禁止されている理由は、派遣社員は人材派遣会社と雇用契約を結んでおり、派遣先企業が直接雇用する労働者ではないためです。労働者派遣法第26条第7項で「派遣先は、(紹介予定派遣を除き)派遣労働者を特定することを目的とする行為をしないように努めなければならない」と定められています。さらに、「派遣先が講ずべき措置に関する指針」では、この「特定目的行為の禁止」について具体的に「事前面接、履歴書送付、若年者限定など派遣労働者の特定目的行為を行わないこと」と明記されています。
もし、派遣先企業が派遣社員に対して「面接」を行った場合、この法律や指針に違反する可能性があります。
派遣の「特定行為」について、詳しくはこちらの記事でも解説していますので、あわせてお読みください。
>>【企業向け】派遣の特定行為を解説 禁止の背景や注意点は?
職場見学の場での「面談」は実施可能
派遣社員を受け入れる前の「面接」が法律で禁止されているとはいえ、派遣社員に安心して就業してもらうため、そして派遣先企業として求めるスキル・経験を持つ人材かどうかを確認するために、「職場見学」といった形であらかじめ顔合わせ(面談)の場を設けることは可能です。
この場合の職場見学は、「面接」とは明確に区別されるべきです。職場見学の目的は以下の点です。
- 派遣社員側の目的:実際にはたらく職場環境や業務内容、職場の雰囲気を知ることで、安心して就業できるかを判断する。

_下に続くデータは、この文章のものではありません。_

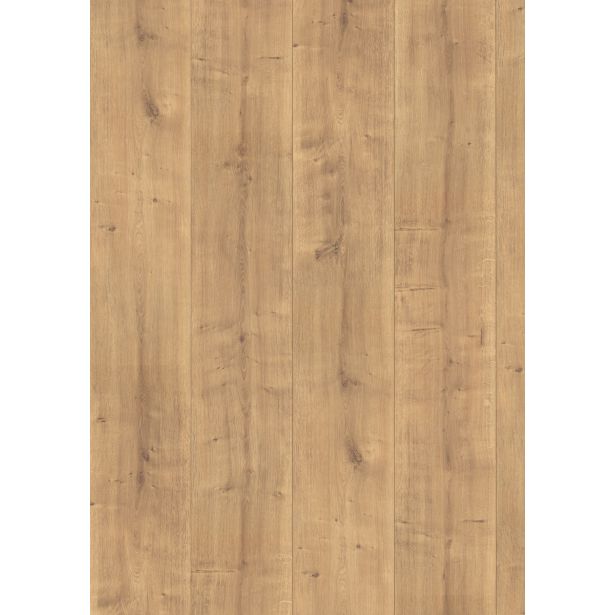 LAMINAT, 8MM, 32. RAZRED EGGER HOME HAMILTON HRAST SREDNJI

- 派遣先企業側の目的:人材派遣会社から提供された情報だけでは分かりにくい部分を補足的に確認できる。例えば、業務遂行スキルに関する質問・確認をして、人材の受け入れのミスマッチを低減する。
重要なポイントは、この職場見学の場が「採用選考」ではないということです。あくまでも派遣社員の希望があった場合に実施されるものであり、双方の認識合わせと、派遣社員が円滑に業務に入るための情報共有の場として捉える必要があります。
なお、職場見学についてこちらの記事でも詳しく解説していますので、あわせてお読みください。

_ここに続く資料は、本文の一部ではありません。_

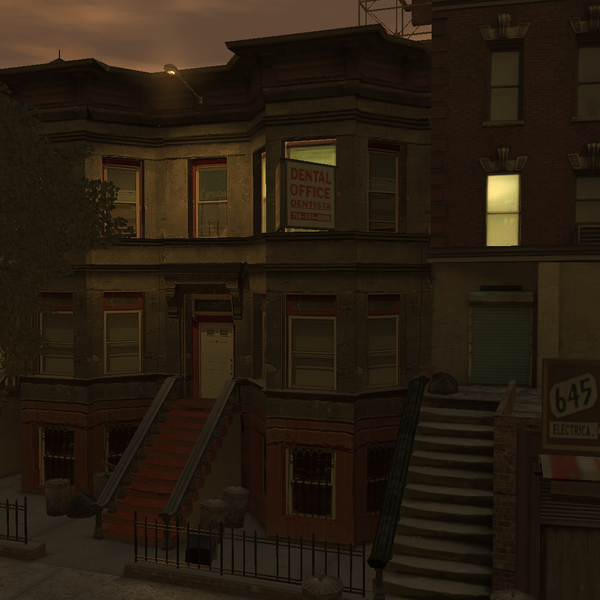 파일:DentalOfficeOneidaAvenue-GTAIV-Night.png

>>人材派遣の職場見学とは?流れや留意点、必要な準備についてご紹介
職場見学(面談)で聞いてよいこと・よくないこと
職場見学の場では、主に業務内容や職場環境に関する情報共有、および派遣社員のスキルや経験の確認に留める範囲で、直接のコミュニケーションを取ることができます。
職場見学で聞いたり伝えたりしてよいこと
職場見学で派遣先企業と派遣社員の間で、言及したり尋ねたりしてもよいことは以下の通りです。
| 具体的な業務内容の説明 | 派遣社員に依頼する業務の具体的な内容や1日の流れ、繁忙期などを派遣先企業から説明します。 |
|---|---|
| 職場環境・雰囲気の説明 | 職場のレイアウトや一緒にはたらくメンバー、部署の雰囲気などを伝えます。 |
| 業務に関係のあるスキルや使用可能なITツールの確認 | 人材派遣会社から事前に提出された個人情報を含まないスキルシートに基づき、使用経験のあるソフトウェアやツールなどのスキルについて補足確認ができます。 |
| 通勤時間や勤務開始希望日など、一般的な事務連絡 | 業務開始にあたっての一般的な確認事項です。 |
| 質疑応答 | 派遣社員からの質問に答えます。 |
派遣先企業がしてはいけないこと
以下の項目に言及するのは「面接」とみなされる可能性があり、労働者派遣法に違反することもあるため、避けてください。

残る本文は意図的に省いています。